There were 255 households, out of which 27.1% had children under the age of 18 living with them, 57.6% were married couples living together, 11.0% had a female householder with no husband present, and 27.8% were non-families. 22.0% of all households were made up of individuals, and 6.3% had someone living alone who was 65 years of age or older. The average household size was 2.42 and the average family size was 2.83.

In the town, the population was spread out, with 20.6% under the age of 18, 8.6% from 18 to 24, 28.7% from 25 to 44, 28.4% from 45 to 64, and 13.8% who were 65 years of age or older. The median age was 41 years. For every 100 females, there were 102.3 males. For every 100 females age 18 and over, there were 99.2 males.

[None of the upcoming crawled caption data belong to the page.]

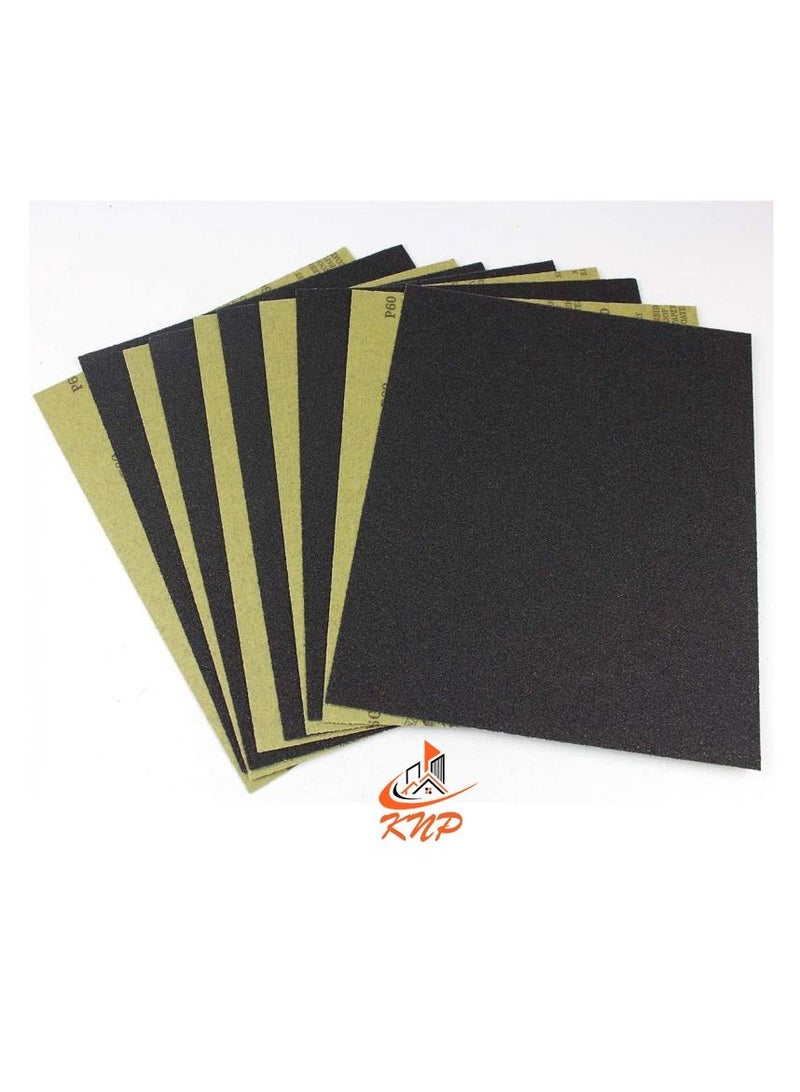 KNP Waterproof Sanding Paper 230 X 280mm - 80 Grit PACK OF 10  - Image 3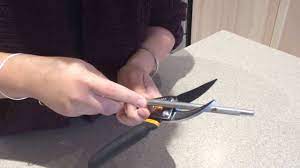 First thing to do, obviously, clean off any muck. How To Sharpen Pruning Shears With A File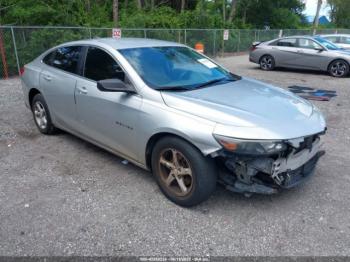 Salvage Chevrolet Malibu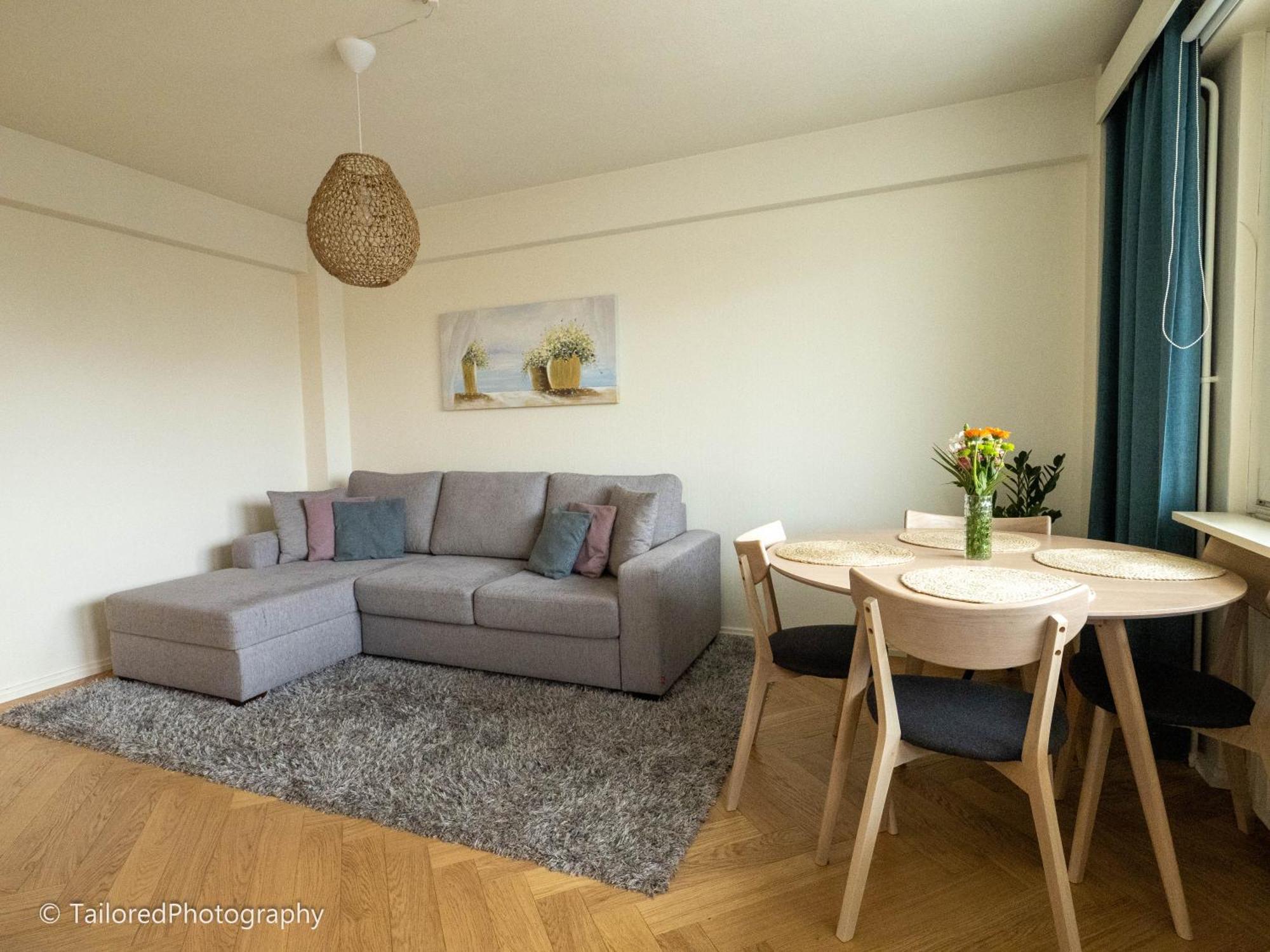 Ydinkeskusta Kaksio Saimaa Naekymillae, Ac, Wifi, Parveke Apartment Лапеенранта Екстериор снимка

The median income for a household in the town was $48,500, and the median income for a family was $49,500. Males had a median income of $37,321 versus $30,893 for females. The per capita income for the town was $24,185. About 3.9% of families and 3.7% of the population were below the poverty line, including 2.8% of those under age 18 and 13.4% of those age 65 or over.

==Point of interest==
Queenstown Premium Outlets is an open-air outlet mall located on Routes 50 and 301 that, at its peak, hosted over 65 stores. It is owned and operated by Simon Property Group through its Premium Outlets division. The mall opened in 1989 and was developed by Prime Retail.